Information provided »

▬▬▬▬▬▬

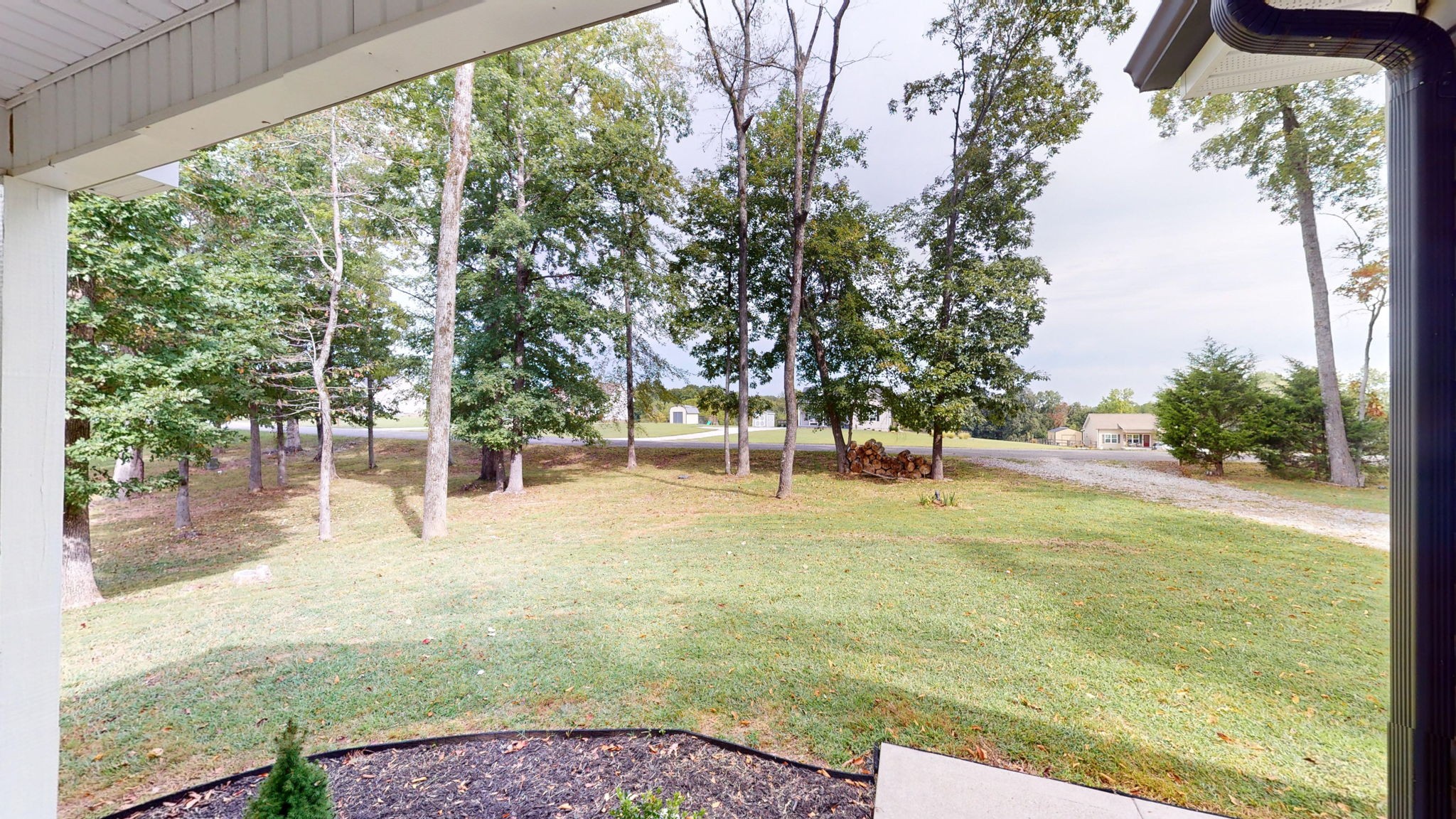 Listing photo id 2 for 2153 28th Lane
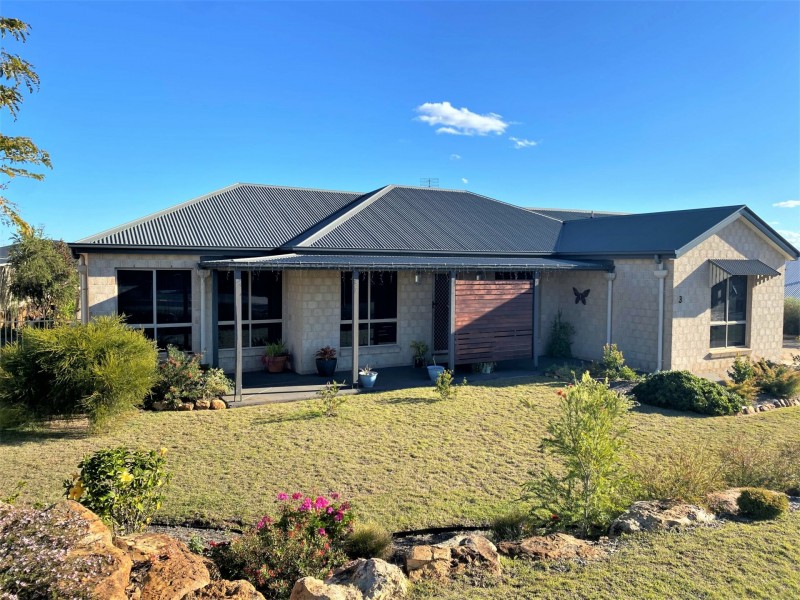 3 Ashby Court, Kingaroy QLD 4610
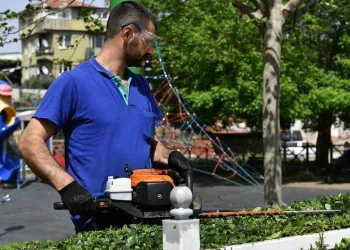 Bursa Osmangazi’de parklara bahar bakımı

▬▬▬▬▬▬

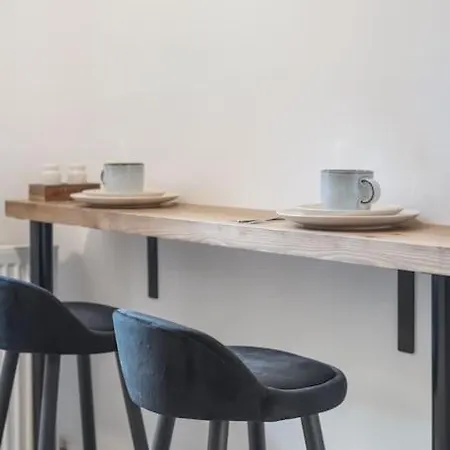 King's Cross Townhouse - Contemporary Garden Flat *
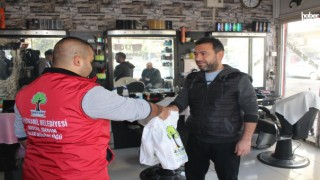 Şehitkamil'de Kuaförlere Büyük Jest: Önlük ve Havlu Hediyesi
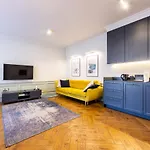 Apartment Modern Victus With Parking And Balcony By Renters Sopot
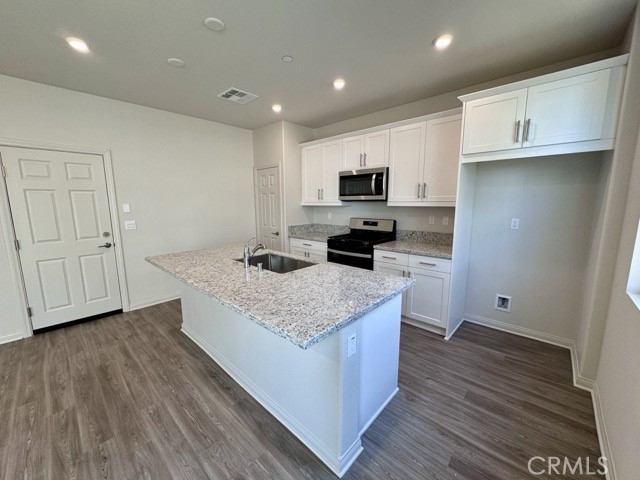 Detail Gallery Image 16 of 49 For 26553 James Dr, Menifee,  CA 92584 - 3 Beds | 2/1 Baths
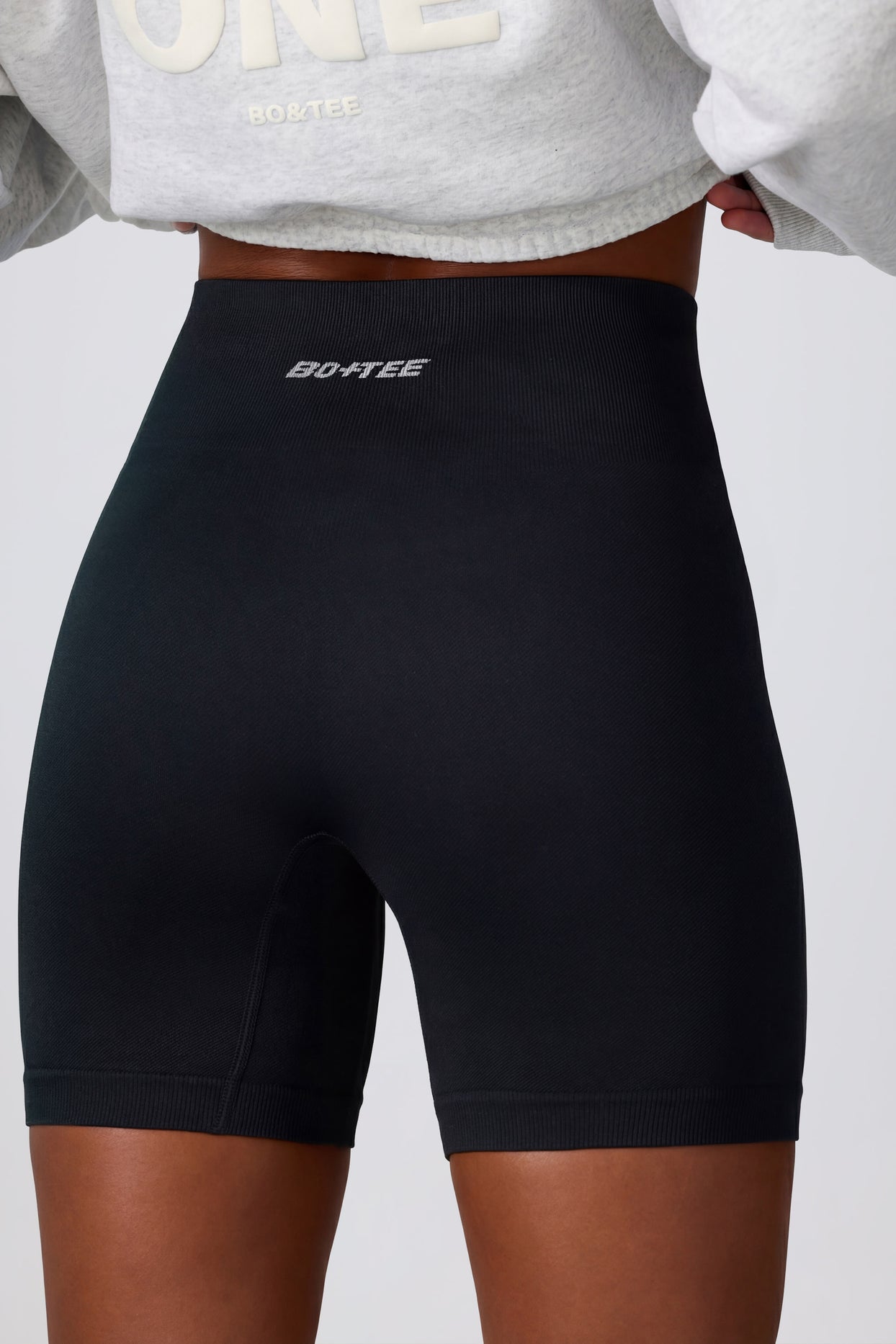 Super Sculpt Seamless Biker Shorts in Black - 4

▬▬▬▬▬▬

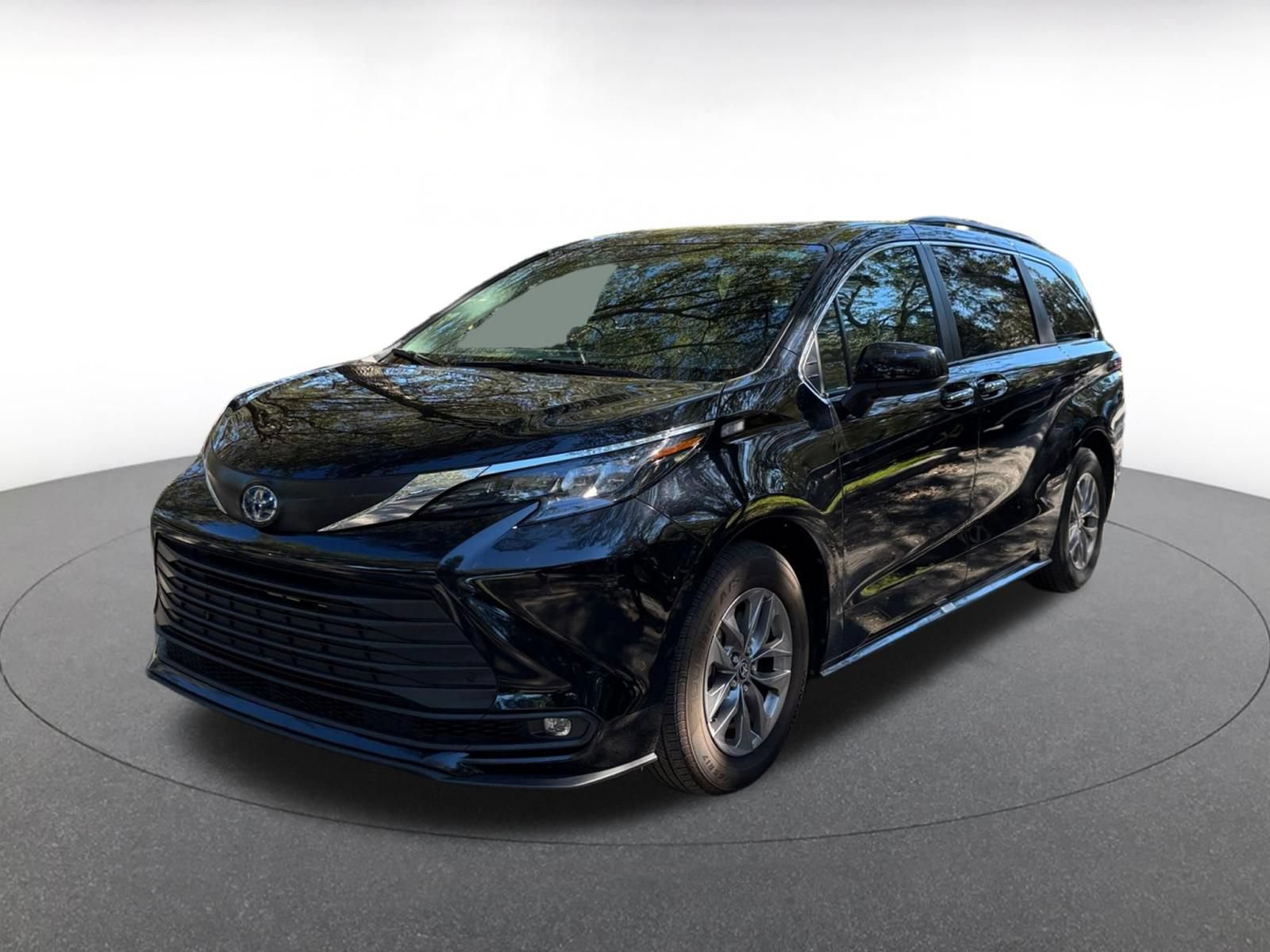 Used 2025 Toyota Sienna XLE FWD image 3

▬▬▬▬▬▬

Exercise goal » Among the entries above, locate the line with "Listing photo id 2 for 2153 28th Lane" and the line with "Bursa Osmangazi’de parklara bahar bakımı". Give those two lines and all lines between them again, exactly, leaving out the pictures.

Answer space »
 Listing photo id 2 for 2153 28th Lane
 3 Ashby Court, Kingaroy QLD 4610
 Bursa Osmangazi’de parklara bahar bakımı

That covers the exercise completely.